But no! These are the fabled “driverless cars” that are going to whisk us effortlessly everywhere in the future, fueled by stardust and emitting only self-congratulatory fumes of pride.

In other people’s cars, I’m a trusting passenger. And as a driver, I don’t like navigating in new cities, so for a recent trip to Phoenix I decided to try Waymo. I would be arriving at Sky Harbor Airport with an unusually heavy suitcase and no clue where my hotel was: What could possibly go wrong?

App Apprehension

Determined to make things go smoothly, I downloaded the Waymo app well in advance (that is to say, at my local airport right before takeoff). Just to open the app, I had to remember my Google password (and by “remember” I mean go through the seventeen-and-a-half steps to get a new Google password), and then labor through creating a Waymo account.

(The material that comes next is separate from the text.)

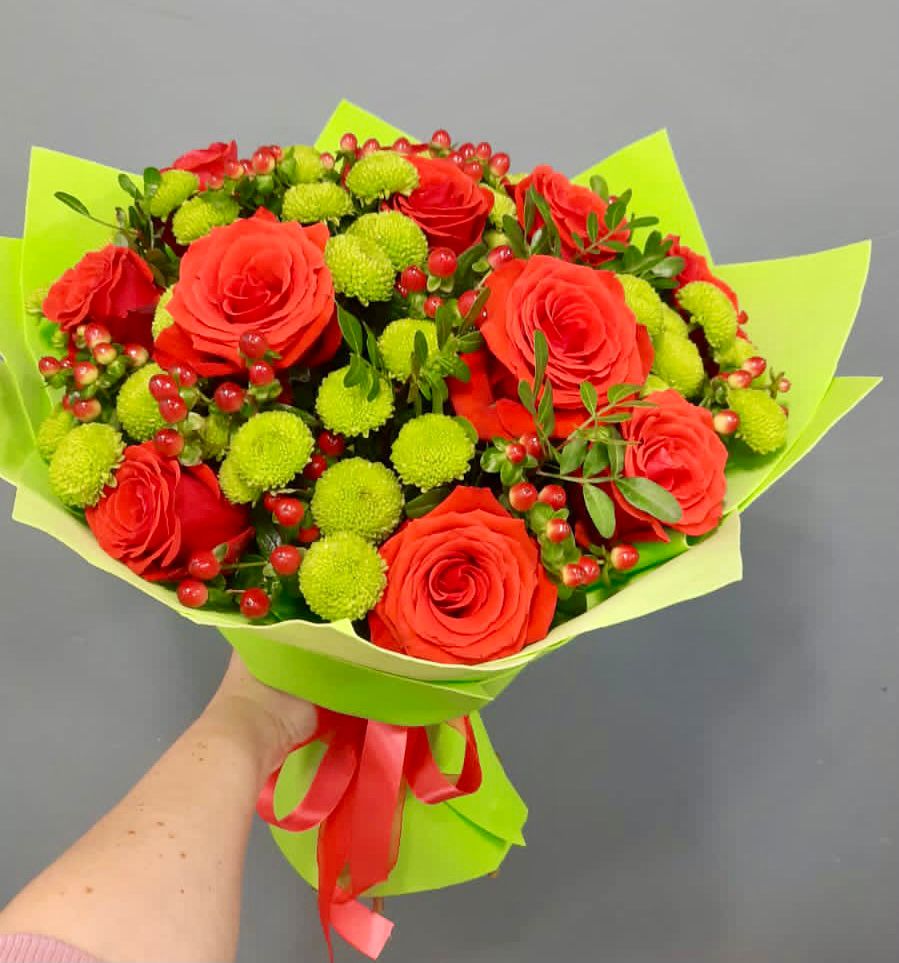 Букет цветов из: Хризантемы и Розы в Эсто-Садок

Once I’d gotten into the app, it asked whether I wanted the car unlocked when I reached it. I may be a novice at driverless riding, but I gave that a thumbs up. It seemed a good idea that the doors be opened, so that I could get in. No fool I!

Also, I was asked to select between light and dark (what, the car color? Weren’t they all white?), and my preferred source for music. I had to choose between sound from my phone or letting the car select the acoustic vibe. My actual preference, “silence,” was not available.

Having sort of settled all that, I relaxed into my plane seat, glad to leave the steering and navigation to the pilots up front. I just wouldn’t feel safe without them.

Are You My Waymo?

Arriving at Phoenix Sky Harbor, I thought about summoning a car immediately, but I kept my phone in my pocket. I didn’t want to send for my ride until I had claimed my luggage and was standing at the correct spot for pickup. What was I worried about, keeping the driver waiting?

My checked suitcase was heavy, and I had a bulky carry-on and a weak back. So I got a trolley ($7, welcome to Phoenix!), and trundled it out the door, wondering which way to go. Signs pointed different ways toward pickups for buses, courtesy vehicles, and ride-shares. Was Waymo considered ride-sharing, even though I wouldn’t be sharing it with anyone, even a driver?

With no guidance available IRL, I consulted my app. To my delight, it gave me my choice of two places I could be picked up! I selected the closer one, and rolled my trolly toward it, hope growing.

Once on the correct curb, I ordered a ride to my destination, a romantic-sounding place I’d never stayed before. I had no idea how far away the Hermosa Inn was from Sky Harbor, but the app wasn’t daunted: It said my car was nearby and would pick me up in 10 minutes. All good, I thought.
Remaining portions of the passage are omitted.